All of which presents inherent risks. In 2004, four Blackwater contractors in Iraq were ambushed and killed in Fallujah, their charred bodies hung from a Euphrates River bridge; and on Sept. 16, 2007, 17 Iraqis in Baghdad were killed by Blackwater when it detected an ambush of a State Department convoy.

As a result of the latter shooting, which remains under federal investigation, Mr. Prince was summoned to Capitol Hill to testify about Blackwater's contracts (reportedly worth more than $1 billion since 2001) with Uncle Sam and what government oversight exists with the security firm's overseas operations.

"We perform no offensive missions," Mr. Prince insists (albeit he concedes Blackwater easily beat the National Guard to New Orleans to airlift stranded victims of Hurricane Katrina). Indeed, he is insulted by accusations to the contrary.

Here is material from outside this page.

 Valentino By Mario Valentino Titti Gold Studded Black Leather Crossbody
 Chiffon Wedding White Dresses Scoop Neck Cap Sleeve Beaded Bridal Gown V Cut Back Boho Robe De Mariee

One Blackwater official, who requests anonymity, tells me: "Blackwater is defined in the press, and by extension the public, by two events that resulted in the loss of human life. The first, Fallujah, resulted in the loss of four Blackwater lives. The second, on 16 September 2007, resulted in the loss of 17 Iraqi lives.

"The irony here is that it is a company that was founded and exists to save lives. Everything done is in the interest of safety: training troops to defend themselves; building armored personnel carriers to keep troops alive in battle; building airships for surveillance to detect the bad guys; teaching cops how to effectively and safely rescue a hostage; helping people in executive-protection roles avoid an ambush in a vehicle; building an aviation division capable of performing rescue missions in war zones and natural disasters. The list goes on.

"My point is that the press quantifies the loss of life, but fails to account for the sparing of life because of Blackwater. In Katrina alone, 128 people were pulled to safety before a contract was ever awarded. In more than 20,000 diplomatic missions, no one protected by Blackwater has ever even been seriously injured."